Soldiers must accept ‘unlimited liability’ in times of conflict. They are expected to leave their families for extended periods of time not knowing if they will ever come home to see them again. They are subject to combat immunity, preventing them from taking the government to civil court when injured in the line of duty. This makes society’s ‘duty of care’ to veterans particularly important, as it provides support for those injured while serving their country.

The military covenant is a recent term, but the principle behind it goes back for hundreds of years. Examples of Acts of Parliament designed to support those injured in battle go back to the Tudor period.  The covenant was codified in 2000. An army publication noted that soldiers make many sacrifices as part of their service and should be able to expect fair treatment on their return from service. While the covenant officially only applies to the army, its principles are understood to extend to the Royal Air Force and navy too.

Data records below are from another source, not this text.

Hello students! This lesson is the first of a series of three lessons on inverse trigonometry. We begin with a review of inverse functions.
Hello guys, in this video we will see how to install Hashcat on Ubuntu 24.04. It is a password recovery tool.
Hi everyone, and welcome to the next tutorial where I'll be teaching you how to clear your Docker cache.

Although the term implies a legal guarantee, the military covenant was a voluntary agreement without basis in law. Last June, David Cameron stood on the HMS Ark Royal and promised to enshrine the military covenant in law, but despite appearing in the coalition agreement, the government was reluctant to fulfil this promise. I supported the British Legion’s campaign to give the military covenant the full force of law and have worked with them and Labour’s front bench team to force a government U-turn on the issue. The government has now accepted its responsibility, and I welcome this. In May then Defence Secretary Liam Fox made a statement to the House on how this would be done.


But we must do more. The covenant is not just an agreement between government and the military, but between the military and society as a whole. Labour took action on this issue while in government. The 2008 ‘Report of Inquiry into the National Recognition of Our Armed Forces’ said ‘The Armed Forces can only operate with maximum motivation and effectiveness if they are both morally and materially supported by the society they are defending’.

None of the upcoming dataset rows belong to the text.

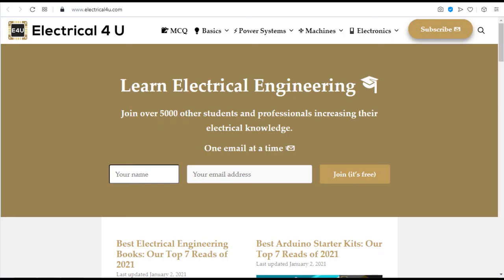Electrical4U. Electrical4U is a knowledge base for electrical engineering students. It covers basic electrical engineering, electrical machines and power system.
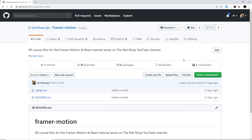For this course a starter project has been prepared with a lot of basic setup — components, routing and styles already created — so we don't have to build all of the basic React stuff from the ground up. Remember, this is not a React beginners course; it's a Framer Motion course for React.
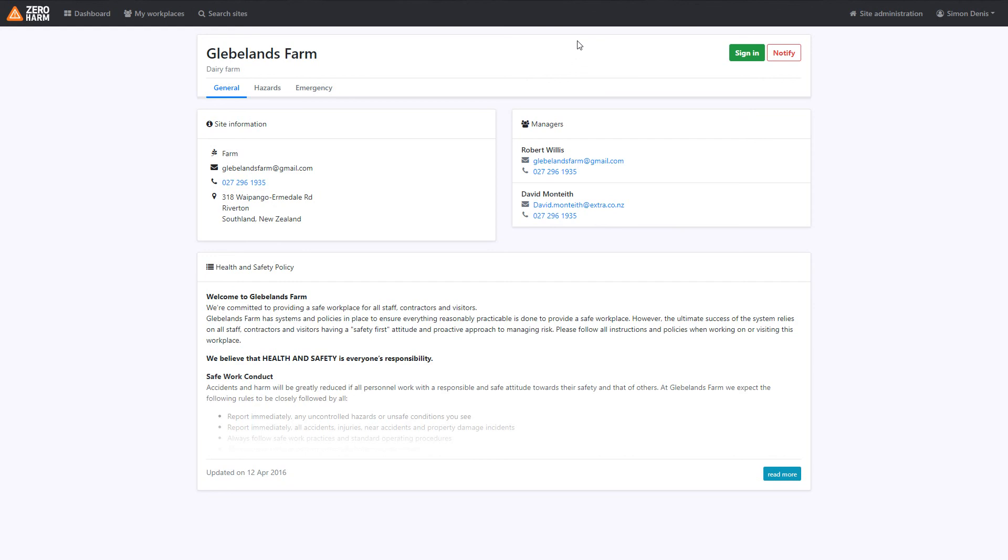As always, if you have any questions, please contact support at ZeroHarmFarm.com and we'll be able to guide you or inform you of any issues that you might be having. Otherwise, we look forward to seeing you at the next video. Thanks.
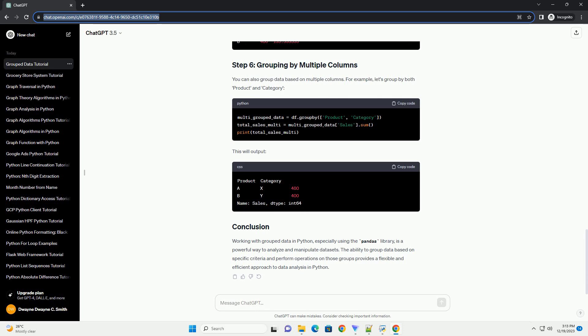You can apply multiple aggregation functions simultaneously. For instance, let's find both the total and average sales for each product. This will output the combined statistics.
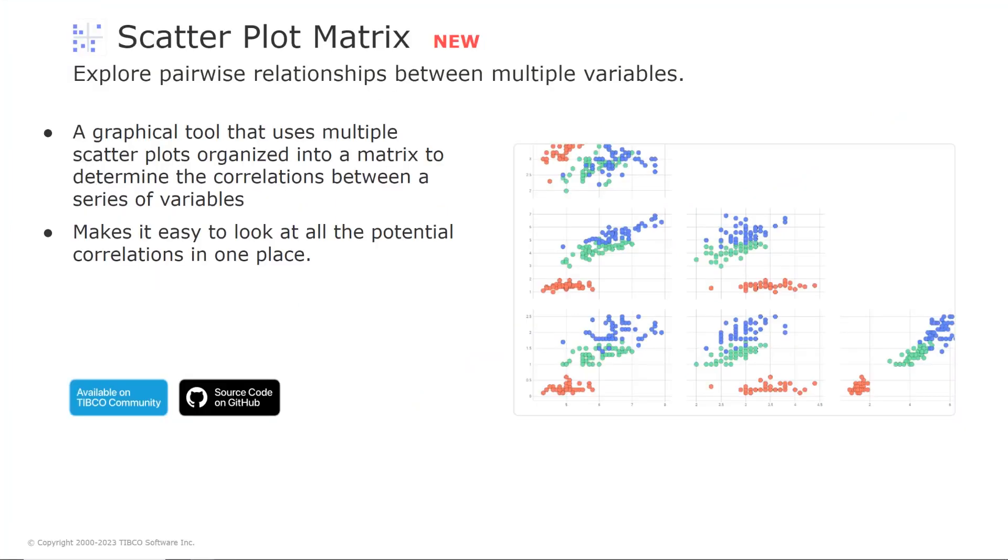There are also new visualizations available on the exchange. So the scatter plot matrix is a graphical tool that uses multiple scatter plots to determine the correlation if any between the sets of variables. So the scatter plots are then organized into a matrix making it easy to look at all the potential correlations at once.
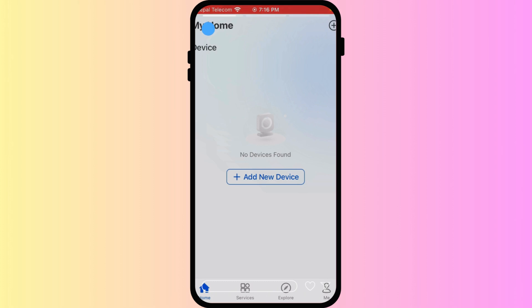Since we don't have any access to any Reolink cameras right now, you just have to follow the rest of the steps.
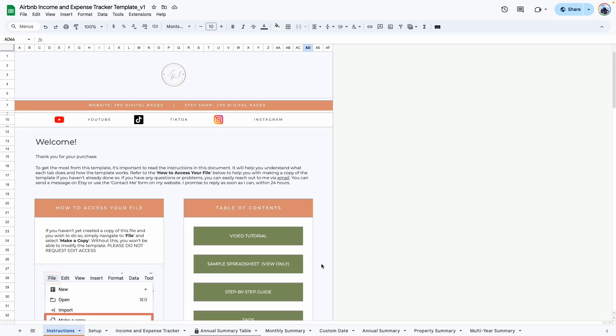Hi everyone, welcome back to my YouTube channel. This is the walkthrough video for the Airbnb income and expense tracker template.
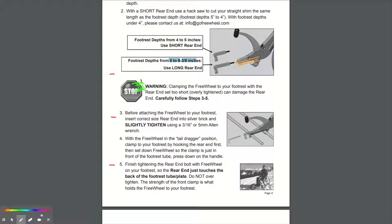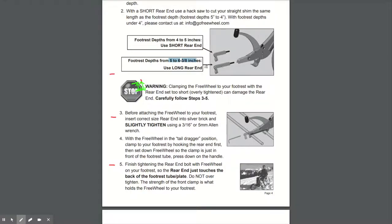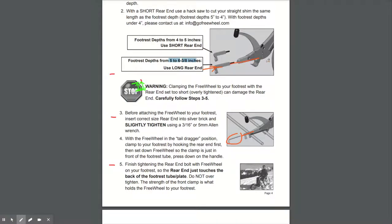So be very careful and slowly push the shim into the freewheel. Then you need to use either the short or the long rear end, depending on what that length or that depth of the footrest is. And then you get the Allen key, which is supplied, and you tighten this rear end into what they call the brick of the freewheel.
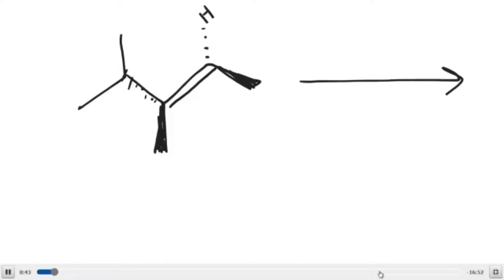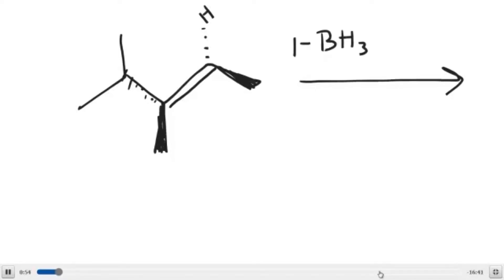When you do an anti-Markovnikov addition of water to an alkene, it is a two-step process. The first step will involve using BH3 or B2H6 in an organic solvent. The one that I typically use is THF, but you may use others.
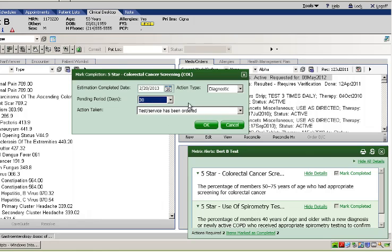When the appropriate test or results are received to confirm the measure is satisfied, the item will be considered well controlled and no further alerts will display on the measure. If however at the conclusion of the pending period the action has not been confirmed, the alerts will resume to prompt the physician to readdress with the patient.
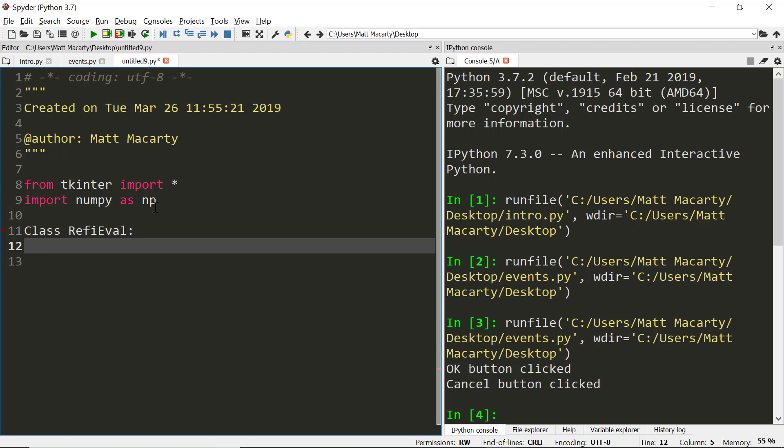The first thing we need in our class is an initializer. It comes with one by default but we're much better off to define our own. It has to start with two underscores and end with two underscores. Other than that it looks pretty much just like a function.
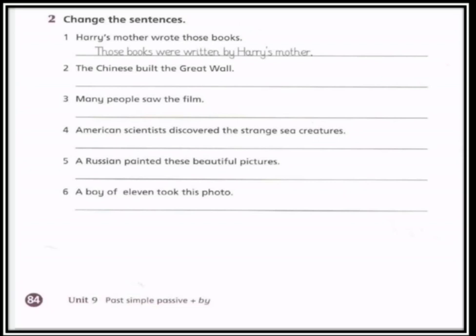And now the last sentence, number six: a boy of eleven took this photo. 'A boy of eleven' هي subject، 'took' verb، 'this photo' object. نبدأ الجملة بـ 'this photo' اللي هي الـ object، وبما أنها مفرد سنستخدم فعل مساعد 'was'، وبعد ذلك الفعل 'took' نحوله للتصريف الثالث يصبح 'taken'، وبعد ذلك نضع الفاعل بآخر الجملة مسبوقاً بـ 'by' — by a boy of eleven.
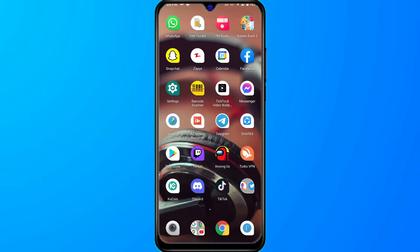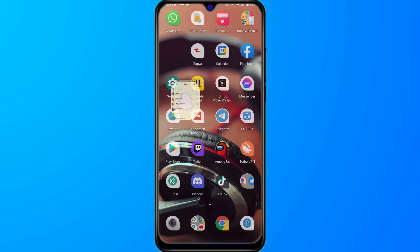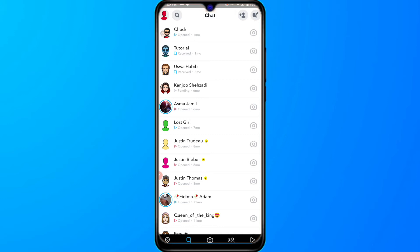First of all, open your Snapchat mobile application and go to your chats. If any of your friends have a birthday, you will see a cake icon with the name of your friend, like shown here. Another way to find out the date of birth of your friend is to click on their profile icon.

The report found that while there is enormous respect and gratitude throughout the population towards the armed forces, however, there is also a lack of understanding of the work the military do. While 80 per cent of people have a favourable view of the military as an institution only 48 per cent had an understanding of its work. This compared to 77 per cent for the NHS, 66 per cent for the police and 65 per cent for the BBC. This lack of understanding could prevent society from undertaking its obligations to the forces.

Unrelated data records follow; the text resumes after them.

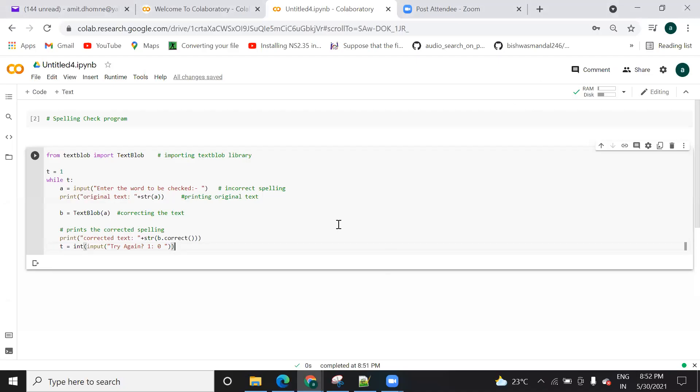Hello everyone, I am Amit. Welcome to my channel, Lecture by Mr. Dhomne. In this video we will take one more Python project, a mini project where we will check the spelling of a word.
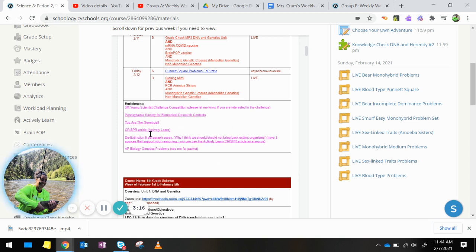And if you are interested in trying out some of the AP biology genetic problems, just see me for the packet. Thank you.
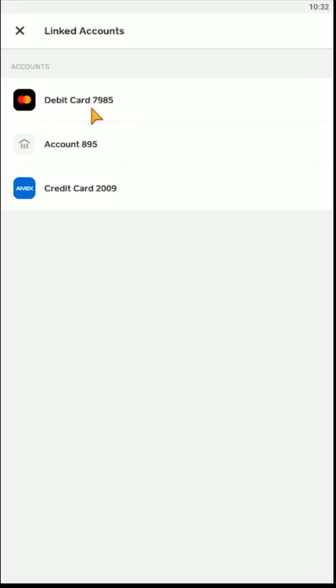I hope this video was helpful, walking you through the step-by-step process on how you go about changing or adding a new debit card to your Cash App account. I appreciate you guys stopping by, consider subscribing to the YouTube channel, and I'll catch you back here next time.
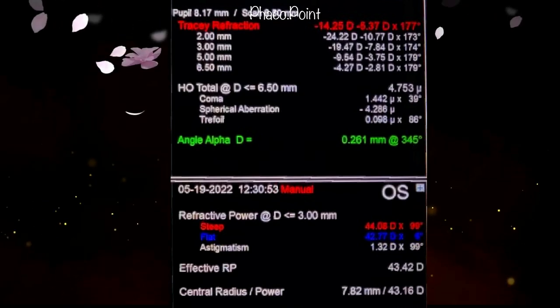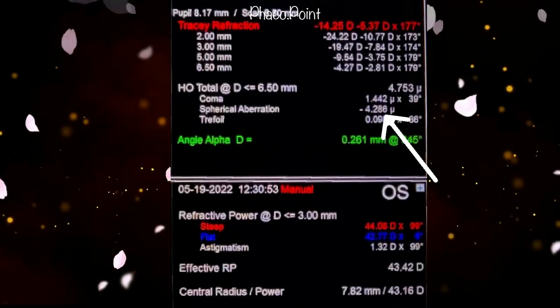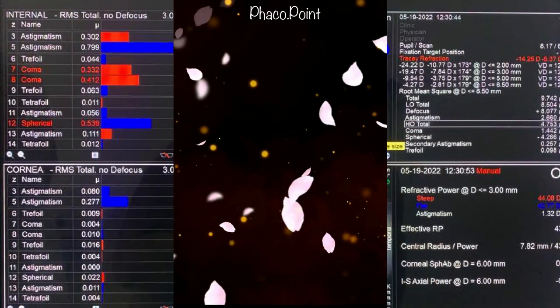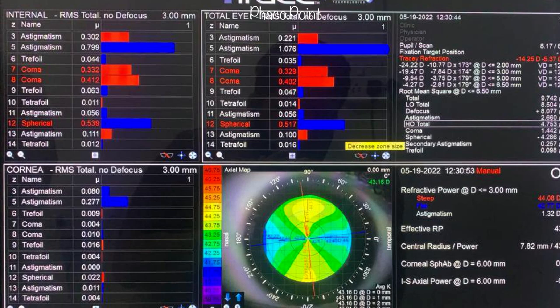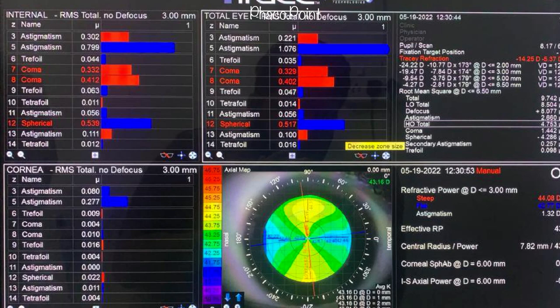On this slide, I'd like you to note that the induced spherical aberration is minus 4.266 microns. The Cheng analysis shows that most of the symptoms are a result of issues in the internal optics, that is the lens. The dark blue line indicates the presence of significant spherical aberration, which is a common and fairly characteristic finding of anterior lenticonus.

Government does not need to act to increase national support for the military, as this is already strong, instead we should be increasing the opportunity for contact between the public and the forces to give people an opportunity to increase their understanding and show their gratitude. We need to move beyond parades and ceremonies held ‘behind the line’ in military barracks, to find a better way to introduce the public to our armed forces. This could be done through holding open days at military establishments, creating veterans’ ID cards, and improving military outreach programmes for communities, cadet forces, and the business community.


Most of all we need to understand the constantly evolving role of our military. Unlike those who fought in the First and Second World Wars, our soldiers no longer have to protect Britain from direct attack from hostile governments. Today’s armed forces engage in humanitarian intervention and peacekeeping, as well as combating new threats like cyber attack on government computer systems and national infrastructure.


So when we pause for a moment’s silence this Armistice Day, spare a thought for the brave men and women that have died protecting the freedoms and security we enjoy today, and the way of life we have come to know. But after paying our respects we should turn our thoughts to the future, and ensure the sacrifices made by those currently serving in the armed forces, often our friends, family and those we know and care about, are respected and recognised. They have done their duty, we must ensure that we do ours.